▶ _DATA RECORDS_:
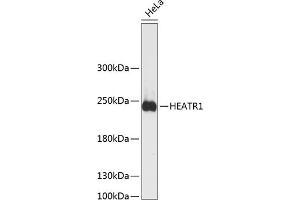 Western blot analysis of extracts of HeLa cells, using HE antibody  at 1:3000 dilution. (HEATR1 Antikörper  (AA 1-120))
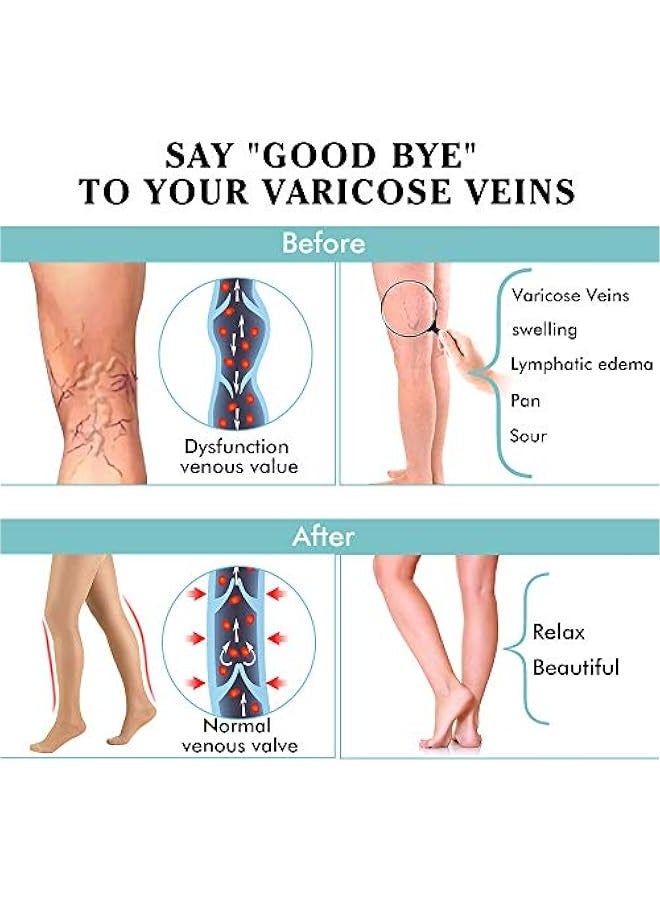 جوارب ضاغطة للنساء بضغط 20-30 ملم زئبقي لعلاج الدوالي (بيج، XL) - Image 2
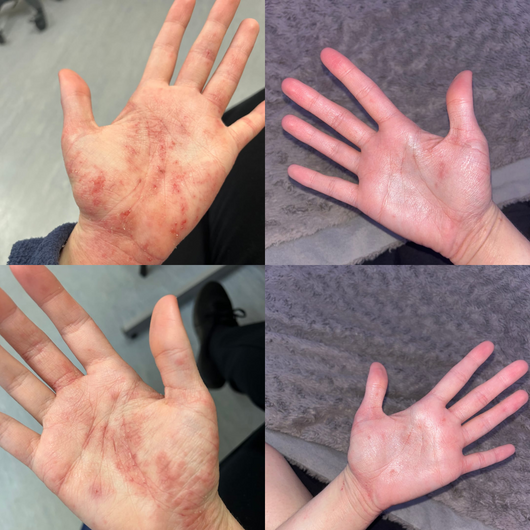 Crème Eczema Sea Moss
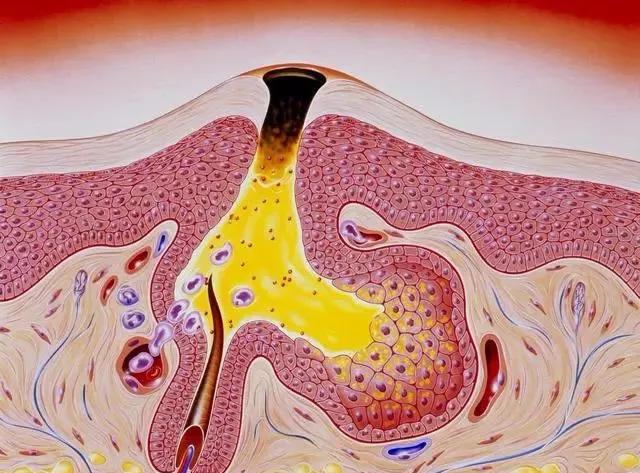 细盐去黑头最好的方法,新手推荐用什么酸去黑头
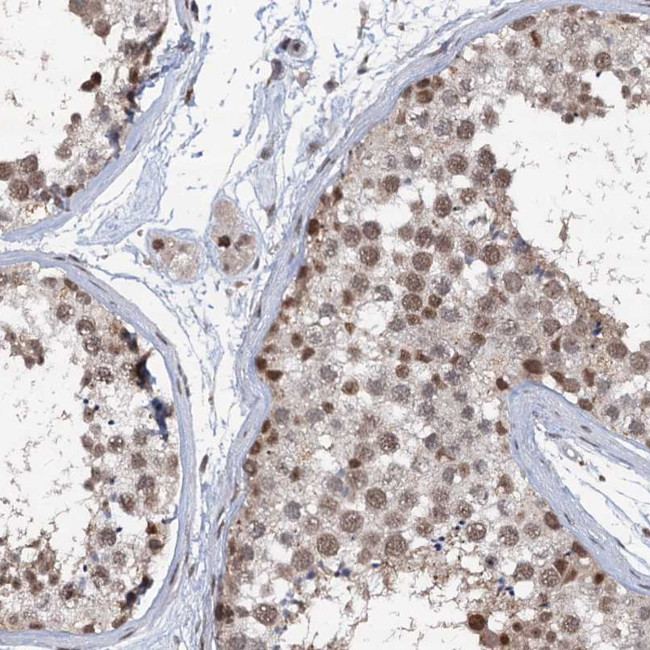 PHF8 Antibody in Immunohistochemistry (Paraffin) (IHC (P))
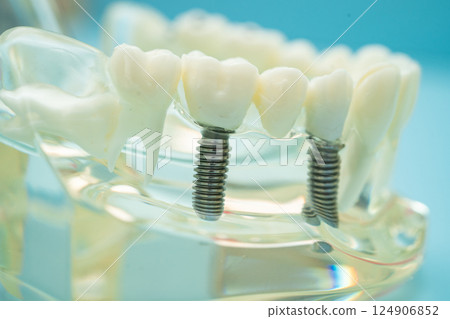 Dental implant, artificial tooth roots into jaw, root canal of dental treatment, gum disease, teeth model for dentist studying about dentistry. 124906852
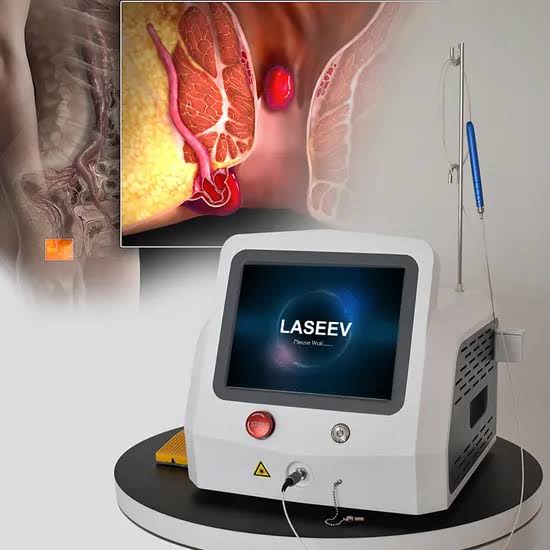 Quels critères faut-il vérifier avant de choisir un équipement de Laser proctologie pour son établissement ?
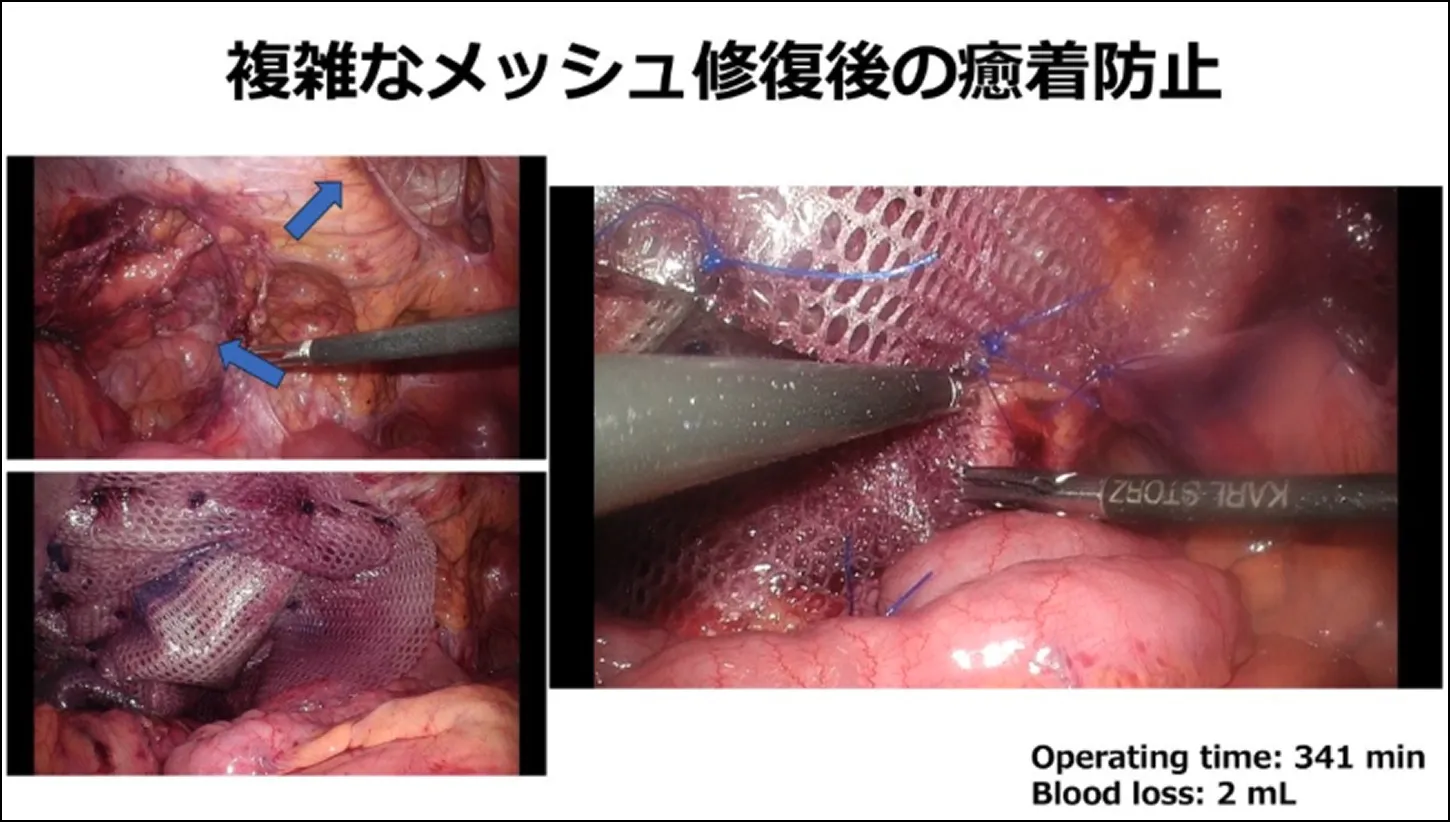 複雑なメッシュ修復後の癒着防止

▶ _GOAL OF THE EXERCISE_: What is needed is a verbatim copy of the material, minus its pictures.

▶ _TASK OUTPUT_:
 Western blot analysis of extracts of HeLa cells, using HE antibody  at 1:3000 dilution. (HEATR1 Antikörper  (AA 1-120))
 جوارب ضاغطة للنساء بضغط 20-30 ملم زئبقي لعلاج الدوالي (بيج، XL) - Image 2
 Crème Eczema Sea Moss
 细盐去黑头最好的方法,新手推荐用什么酸去黑头
 PHF8 Antibody in Immunohistochemistry (Paraffin) (IHC (P))
 Dental implant, artificial tooth roots into jaw, root canal of dental treatment, gum disease, teeth model for dentist studying about dentistry. 124906852
 Quels critères faut-il vérifier avant de choisir un équipement de Laser proctologie pour son établissement ?
 複雑なメッシュ修復後の癒着防止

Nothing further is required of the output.